::: Data excerpts

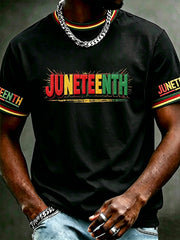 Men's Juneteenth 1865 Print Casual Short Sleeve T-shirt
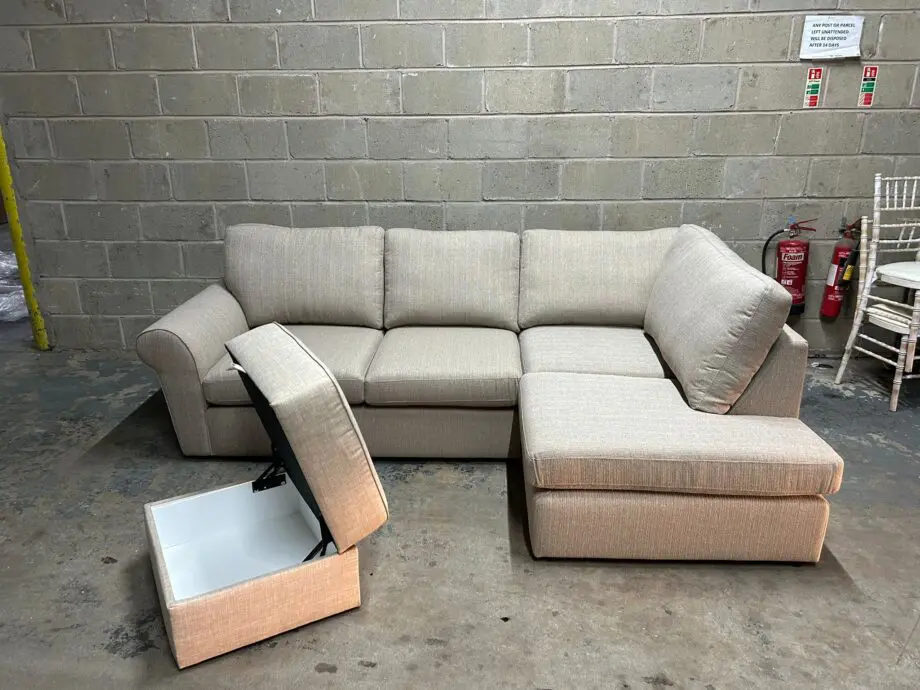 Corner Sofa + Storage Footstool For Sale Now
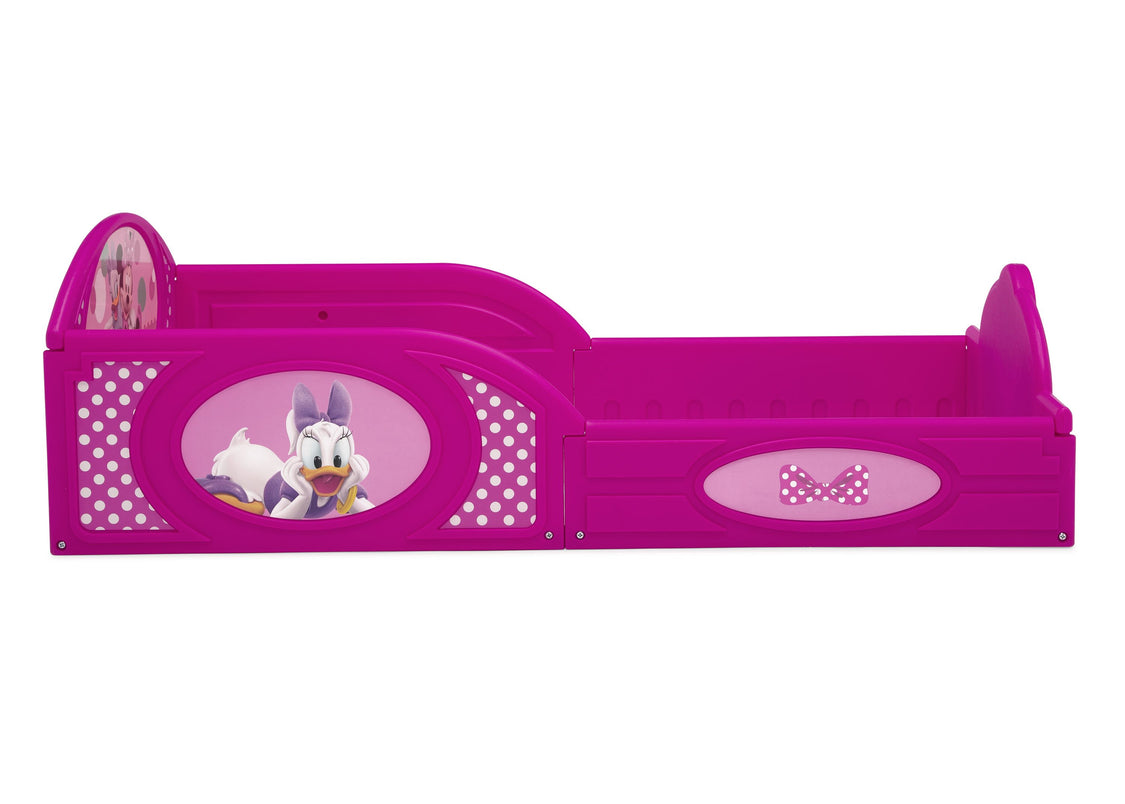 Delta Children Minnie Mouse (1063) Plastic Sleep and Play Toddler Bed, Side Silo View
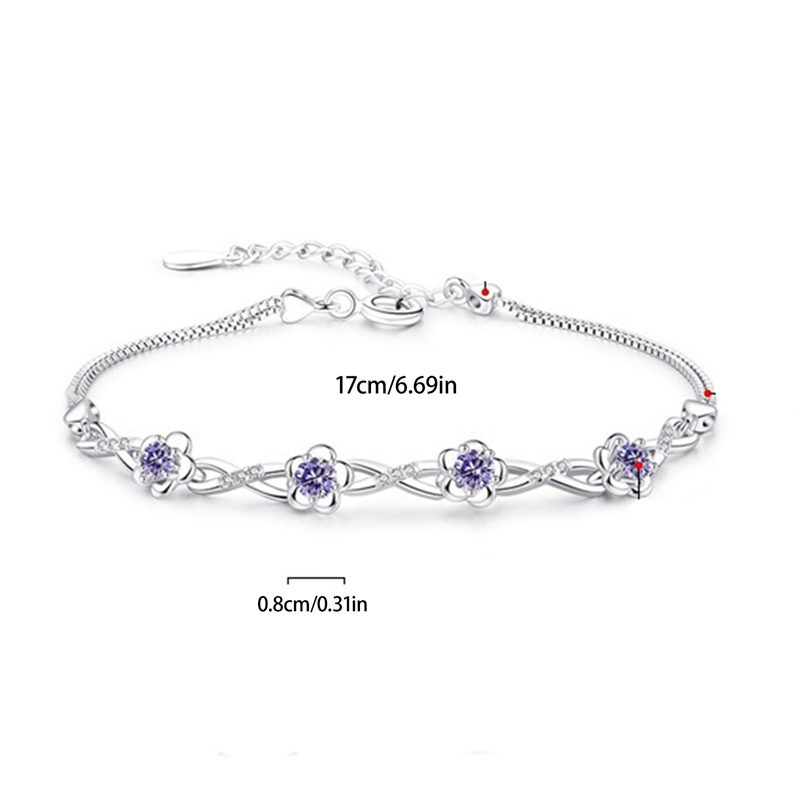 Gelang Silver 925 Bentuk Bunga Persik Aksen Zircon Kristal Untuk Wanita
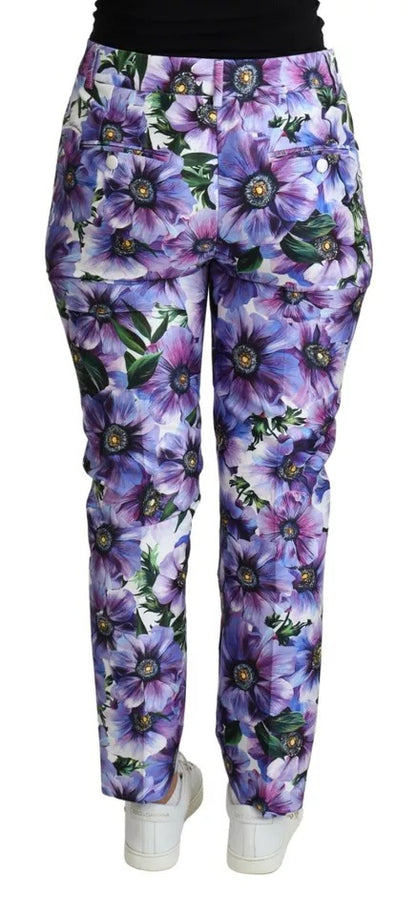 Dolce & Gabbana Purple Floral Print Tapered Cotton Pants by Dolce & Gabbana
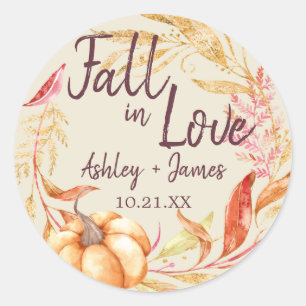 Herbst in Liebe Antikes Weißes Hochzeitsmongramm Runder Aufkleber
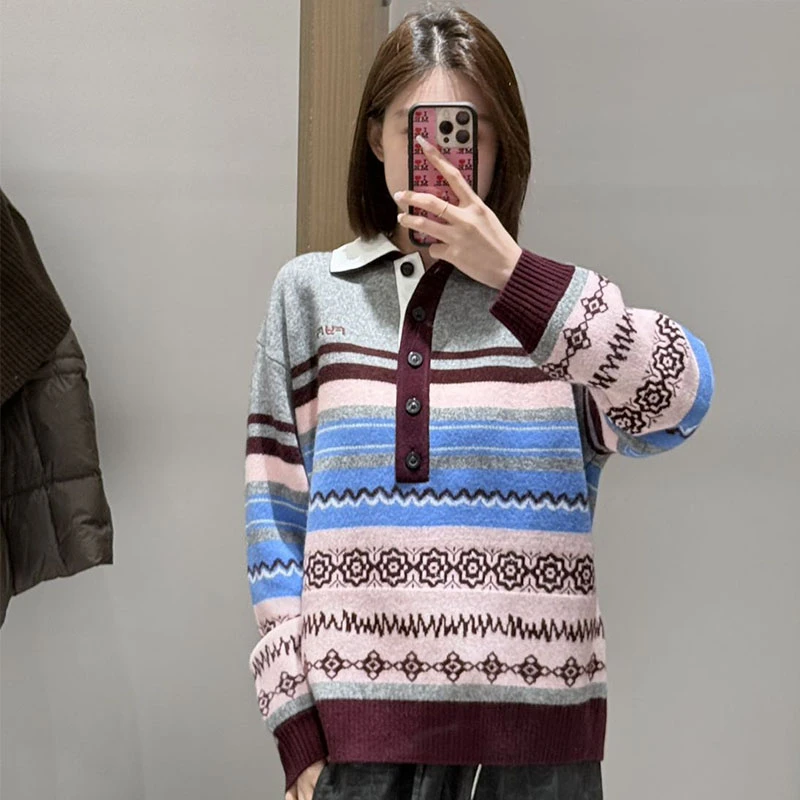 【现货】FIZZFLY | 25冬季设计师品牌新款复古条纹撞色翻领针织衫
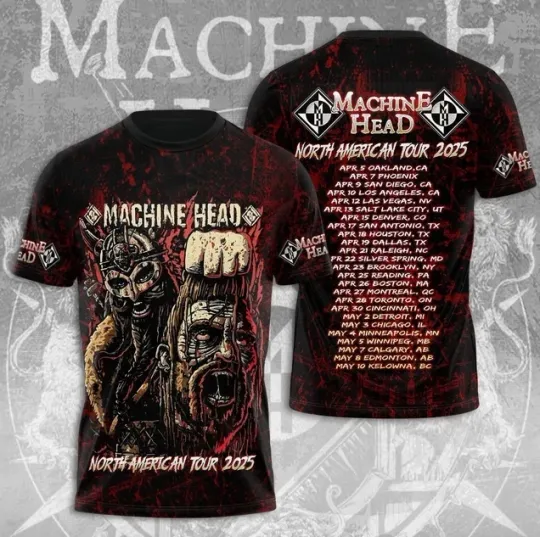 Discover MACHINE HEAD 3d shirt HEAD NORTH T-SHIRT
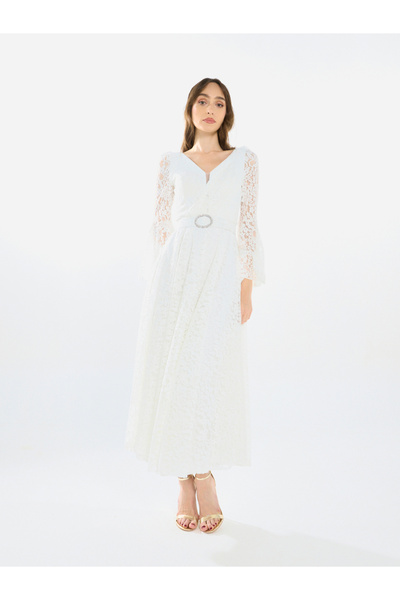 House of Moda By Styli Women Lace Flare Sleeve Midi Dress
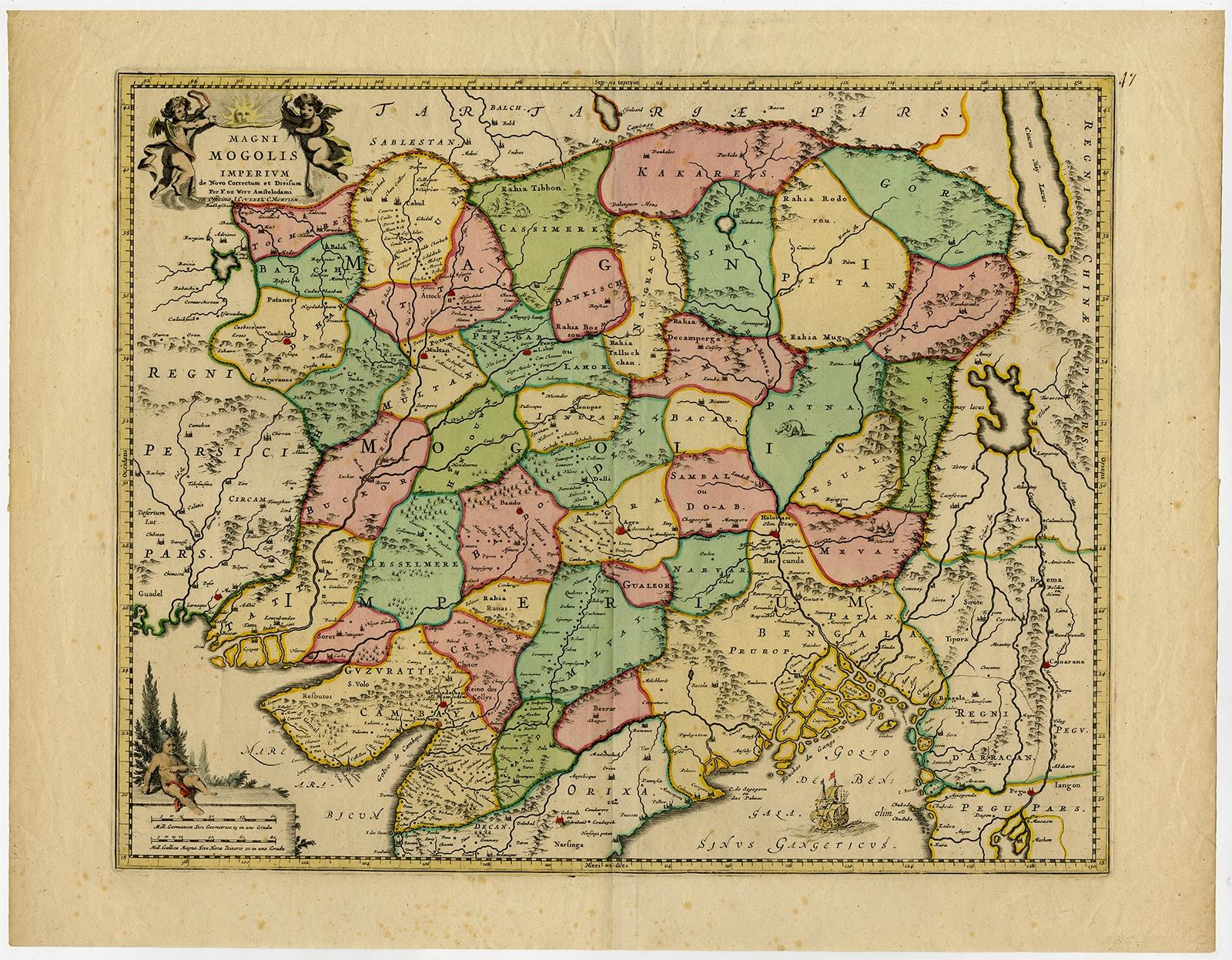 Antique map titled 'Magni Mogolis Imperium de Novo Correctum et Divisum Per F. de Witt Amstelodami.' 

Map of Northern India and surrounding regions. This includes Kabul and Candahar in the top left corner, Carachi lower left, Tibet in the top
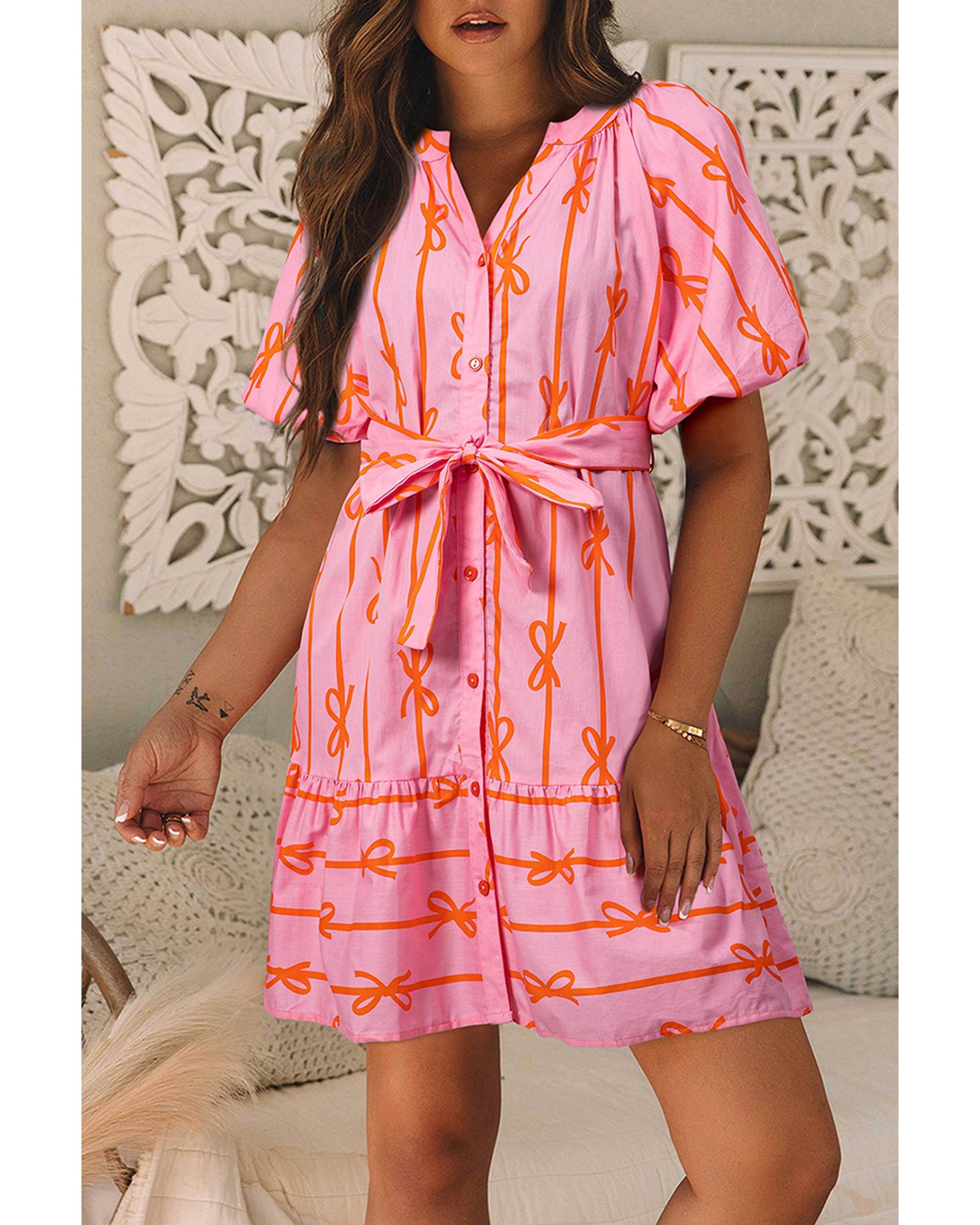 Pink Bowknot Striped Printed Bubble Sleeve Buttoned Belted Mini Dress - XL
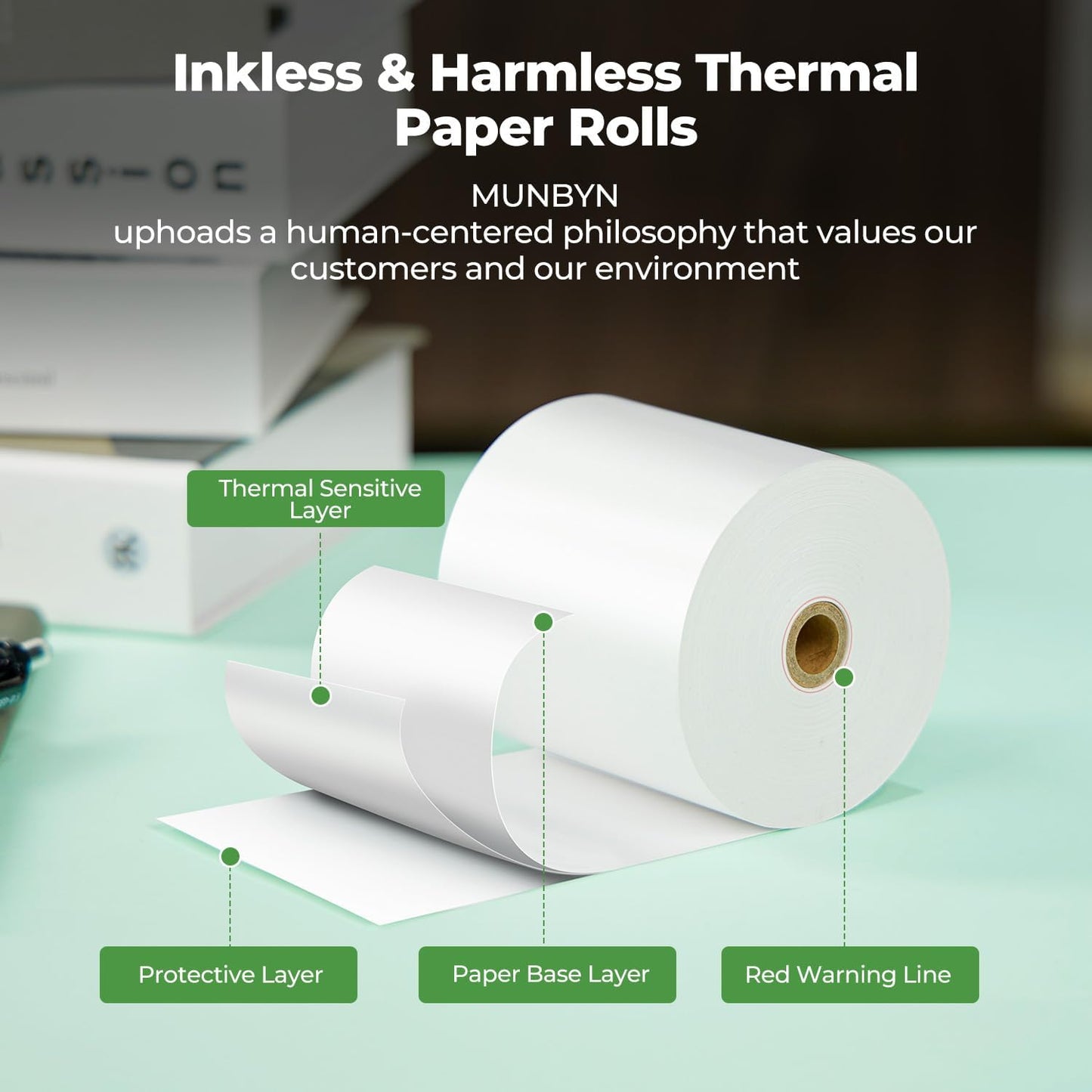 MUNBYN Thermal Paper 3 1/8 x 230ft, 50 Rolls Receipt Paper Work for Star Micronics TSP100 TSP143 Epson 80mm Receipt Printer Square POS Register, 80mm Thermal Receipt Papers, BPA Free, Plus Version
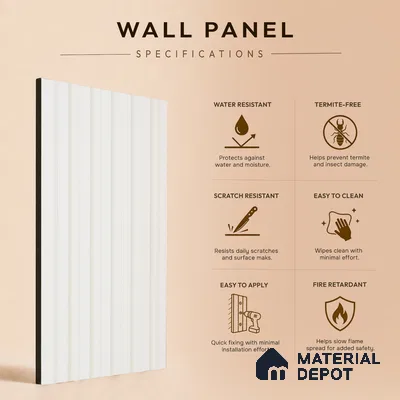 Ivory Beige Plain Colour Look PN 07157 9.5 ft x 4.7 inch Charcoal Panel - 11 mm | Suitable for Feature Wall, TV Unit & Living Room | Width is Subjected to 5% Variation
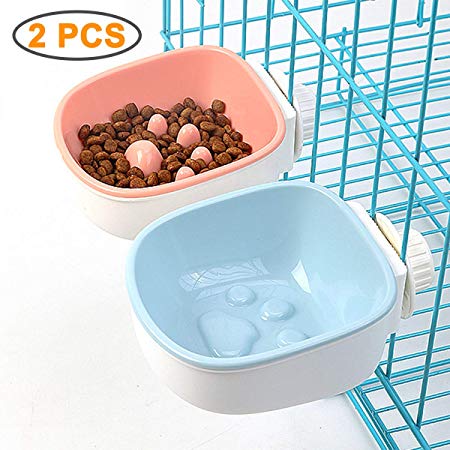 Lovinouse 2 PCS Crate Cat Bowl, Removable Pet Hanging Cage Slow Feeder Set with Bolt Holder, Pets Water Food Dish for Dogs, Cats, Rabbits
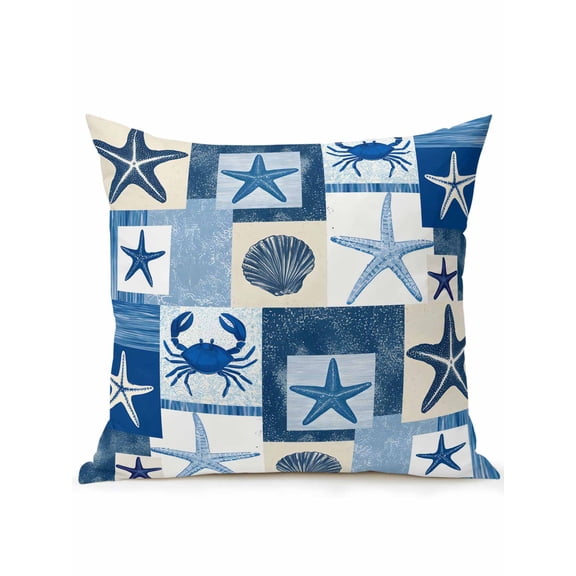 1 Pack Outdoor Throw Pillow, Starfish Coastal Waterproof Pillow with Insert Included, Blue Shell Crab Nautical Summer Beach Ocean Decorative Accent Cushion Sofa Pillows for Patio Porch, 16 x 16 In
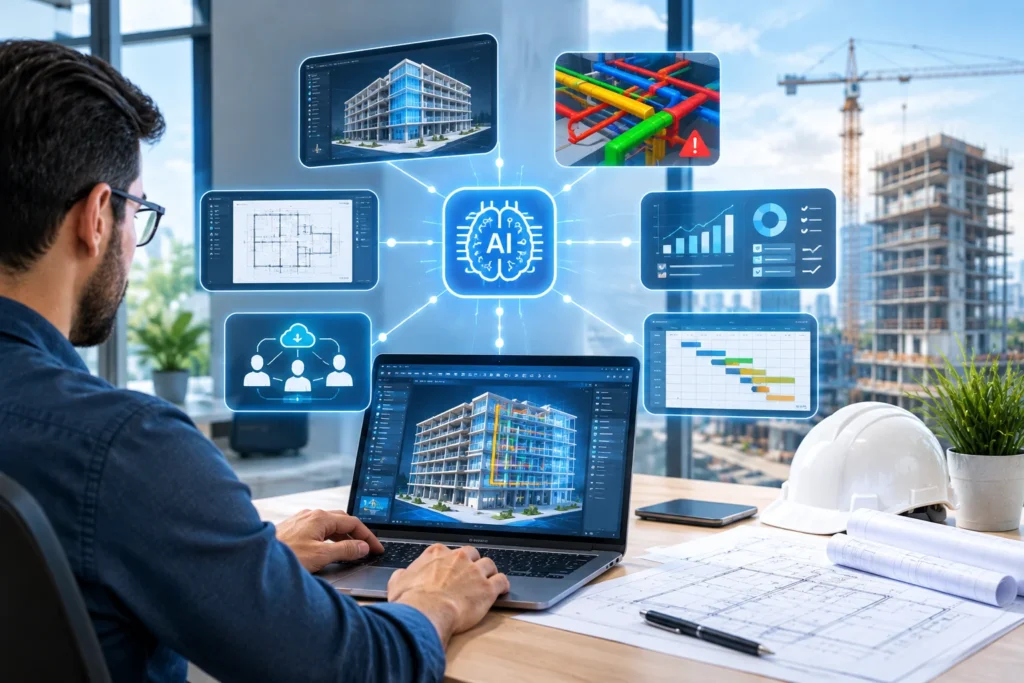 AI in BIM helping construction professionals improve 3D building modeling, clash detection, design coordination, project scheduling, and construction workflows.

::::::

▶ **What is required**: Each line from the first line of the listing through the line with "House of Moda" must be printed exactly, both ends included, and no picture may appear.

▶ **Answer for the task**:
 Men's Juneteenth 1865 Print Casual Short Sleeve T-shirt
 Corner Sofa + Storage Footstool For Sale Now
 Delta Children Minnie Mouse (1063) Plastic Sleep and Play Toddler Bed, Side Silo View
 Gelang Silver 925 Bentuk Bunga Persik Aksen Zircon Kristal Untuk Wanita
 Dolce & Gabbana Purple Floral Print Tapered Cotton Pants by Dolce & Gabbana
 Herbst in Liebe Antikes Weißes Hochzeitsmongramm Runder Aufkleber
 【现货】FIZZFLY | 25冬季设计师品牌新款复古条纹撞色翻领针织衫
 Discover MACHINE HEAD 3d shirt HEAD NORTH T-SHIRT
 House of Moda By Styli Women Lace Flare Sleeve Midi Dress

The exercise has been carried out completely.